What you are asked to do:
Return the listing below verbatim. Pictures do not belong in the copy.

Data segment:
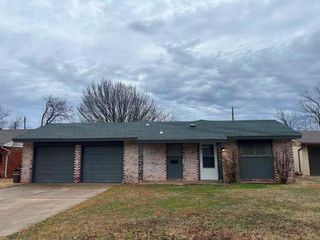 4833 EW Elmview Drive, Del City, OK 73115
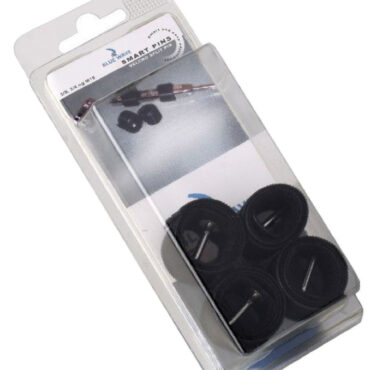 Sistema rapido ed innovativo alternativo alle classiche coppiglie, composto da un perno in acciaio inox 316 e da un nastro in velcro, per la messa in sicurezza dei terminali per il sartiame.E’ sufficiente inserire il perno nel foro del terminale e serrare il nastro in velcro attorno alla canula. Confezione da 4 pezzi.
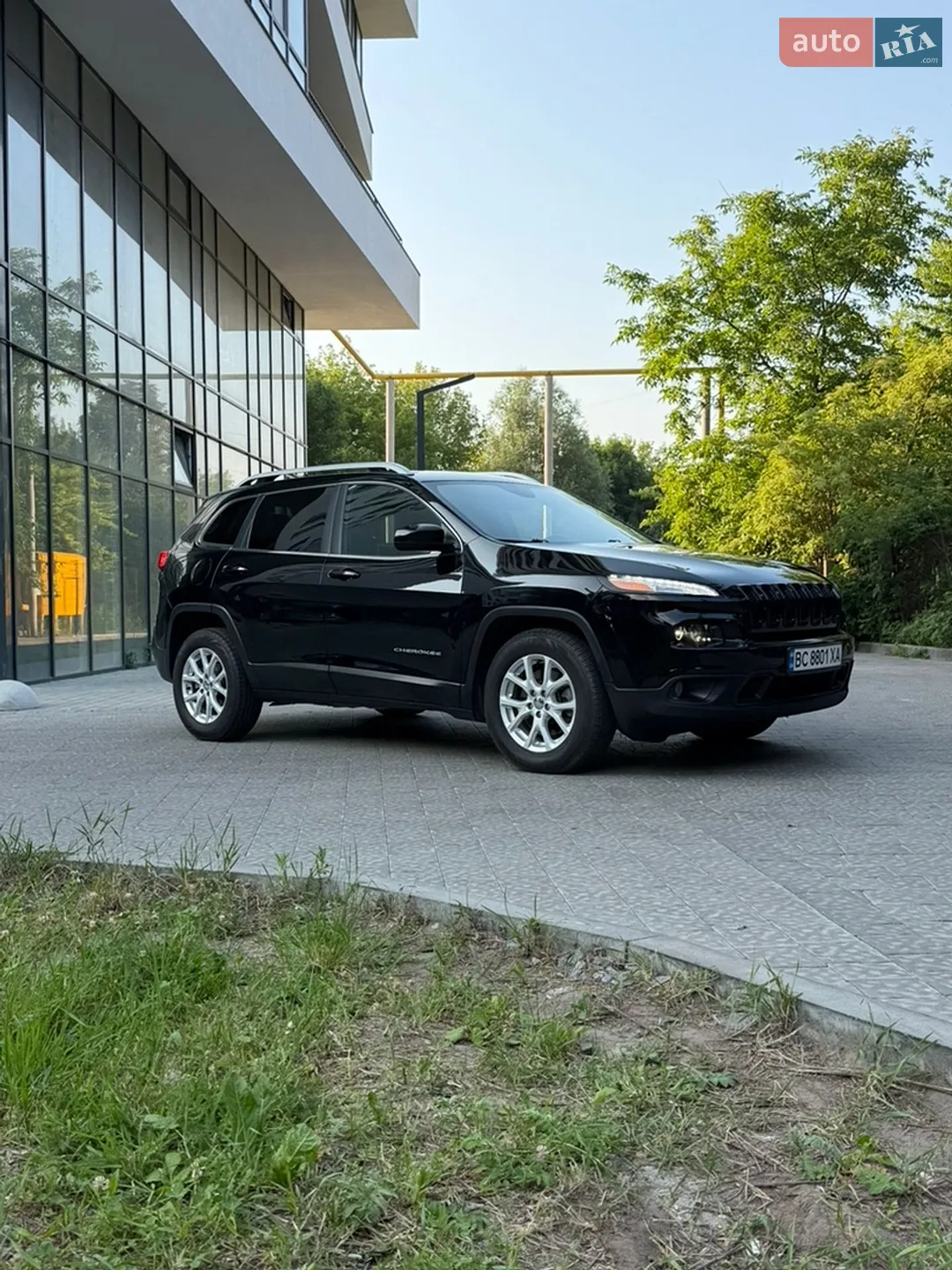 2017 Jeep Cherokee - мініатюра 4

Exercise solution:
 4833 EW Elmview Drive, Del City, OK 73115
 Sistema rapido ed innovativo alternativo alle classiche coppiglie, composto da un perno in acciaio inox 316 e da un nastro in velcro, per la messa in sicurezza dei terminali per il sartiame.E’ sufficiente inserire il perno nel foro del terminale e serrare il nastro in velcro attorno alla canula. Confezione da 4 pezzi.
 2017 Jeep Cherokee - мініатюра 4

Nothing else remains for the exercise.